» SUPPLIED DATA:
◇ ◇ ◇

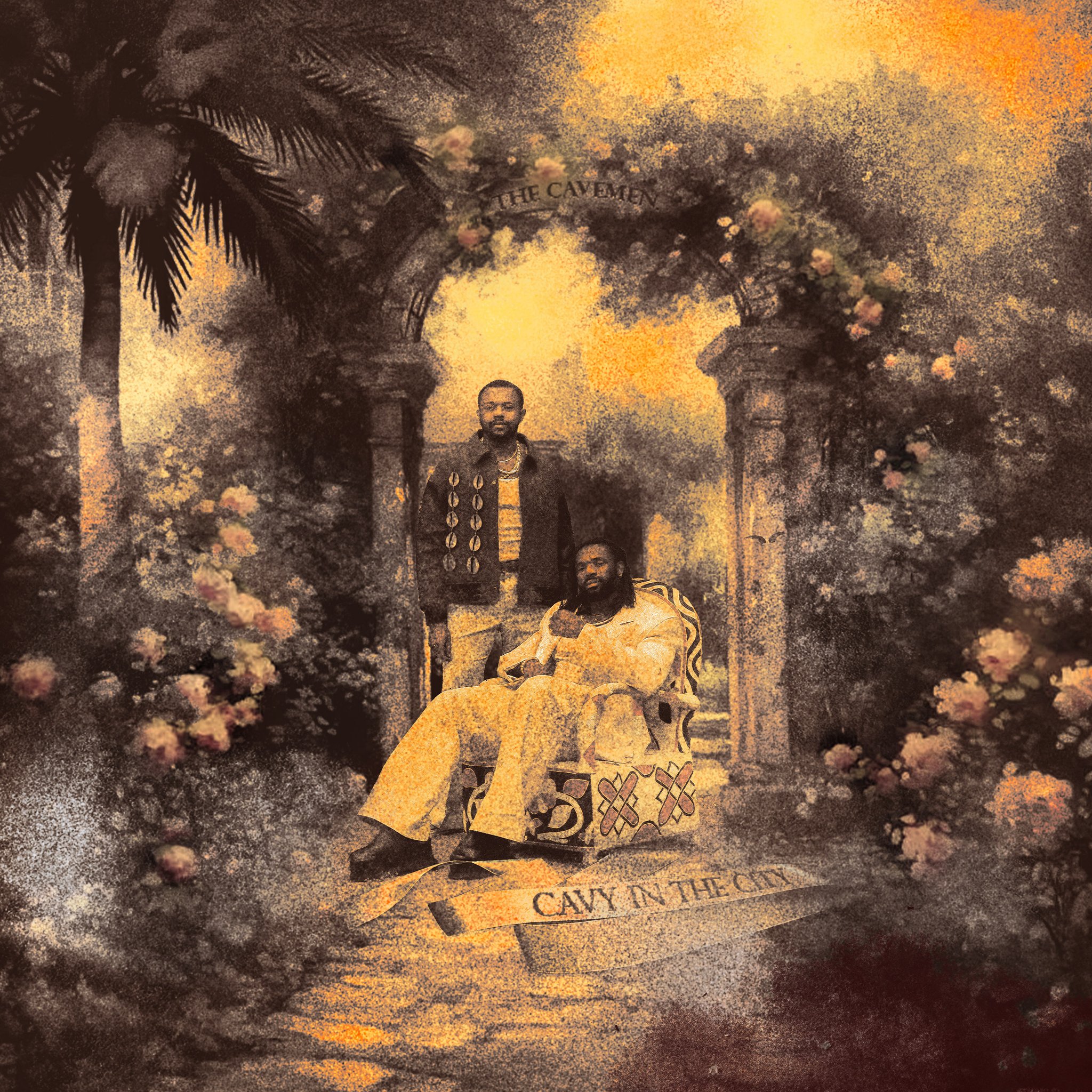 The Cavemen Announce Third Studio Album “Cavy In The City”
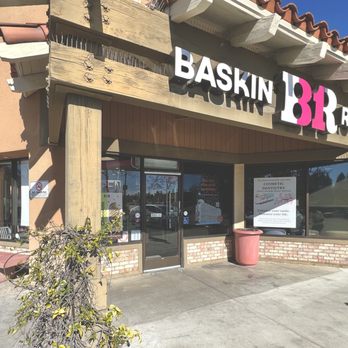 Baskin-Robbins - Exterior view of Baskin Robbins. - Ice Cream & Frozen Yogurt Near Me - Laguna Hills, California Baskin-Robbins - Exterior view of Baskin Robbins. - Ice Cream & Frozen Yogurt Near Me - Laguna Hills, California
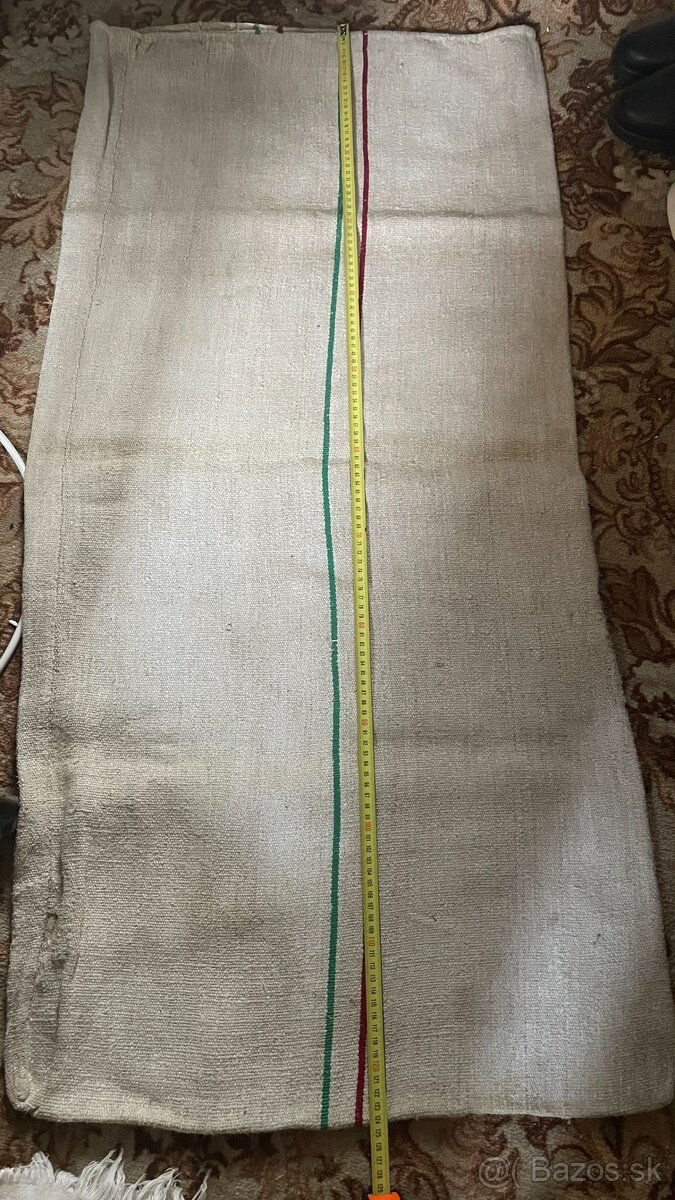 Ľanové plátno - 5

◇ ◇ ◇

» REQUIREMENT: Omit the pictures and write out the lines above from the one with "Hills, California Baskin-Robbins" through the last, unchanged.

» THE COMPLETED TASK:
 Baskin-Robbins - Exterior view of Baskin Robbins. - Ice Cream & Frozen Yogurt Near Me - Laguna Hills, California Baskin-Robbins - Exterior view of Baskin Robbins. - Ice Cream & Frozen Yogurt Near Me - Laguna Hills, California
 Ľanové plátno - 5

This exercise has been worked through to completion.